Rio, who has been studying in Wuhan since 2016, said that this year's Lunar New Year was different as fewer people were praying for their ancestors at cemeteries.

AFP reported that the Chinese army had deployed medical specialists to Wuhan on Saturday as hospitals bustled with patients, adding that authorities began building a new field hospital in Wuhan to deal with the outbreak. 

The coronavirus, which bears similarities to the severe acute respiratory syndrome (SARS), killed 54 people as of Sunday morning in China and spread around the world, including Malaysia, Singapore and Thailand, as confirmed infections surged to 1,652 people, Channel News Asia reported.
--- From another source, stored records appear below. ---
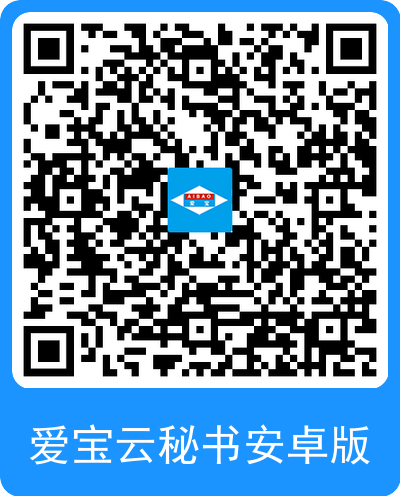 65__5dba02f9ef8fcc1e6175b7a15a569738_cf2e5704d8fcb84dc704a495221ad5de.png
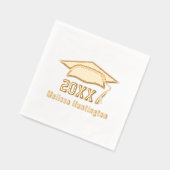 Titre de diplôme Titre en gras Année n° 1 (Gauche)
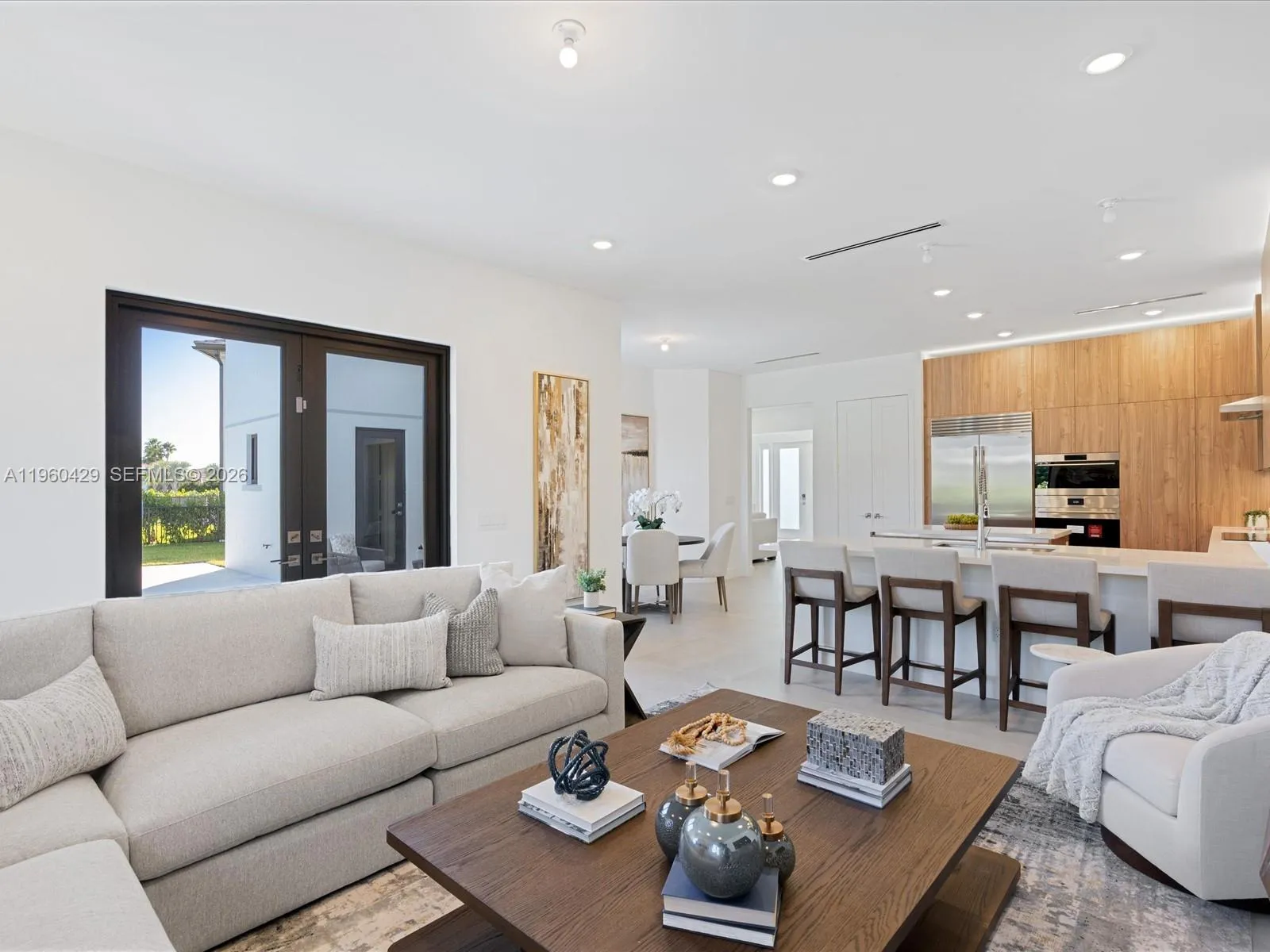 19701 Ne 16 Pi 19701, Miami, Florida 33179, Miami, Florida 33179, 5 Bedrooms Bedrooms, ,4 BathroomsBathrooms,Residential Lease,For Rent,19701 Ne 16 Pi 19701, Miami, Florida 33179,A11960429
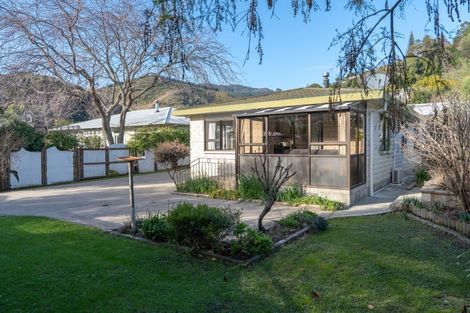 Photo of property in 54b Bronte Street, Nelson, 7010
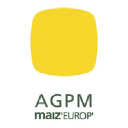 Agpm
The Indonesian Foreign Ministry's director for citizen protection told the Post on Friday that as Wuhan was under quarantine, the ministry through the Indonesian Embassy in Beijing was coordinating with local authorities to provide assistance needed by Indonesian nationals in the city.

Indonesian Ambassador to China Djauhari Oratmangun said the embassy was in close contact with Indonesian citizens through Chinese messaging app WeChat.

"We're constantly in contact with them. There is a coordinator appointed in each campus' dormitory. So far, from the information that we've received, their food stock still suffices," he told the Post on Saturday.

He said the embassy had bought plane tickets for Indonesian students in Wuhan who had been traveling outside of the city prior to the lockdown so that they could return to Indonesia.

Following the lockdown, Indonesia announced a temporary suspension of all flights operated by Indonesian airlines to and from Wuhan. Authorities had activated thermal scanners at entrance points in Indonesia to detect any symptoms of the virus, such as fever.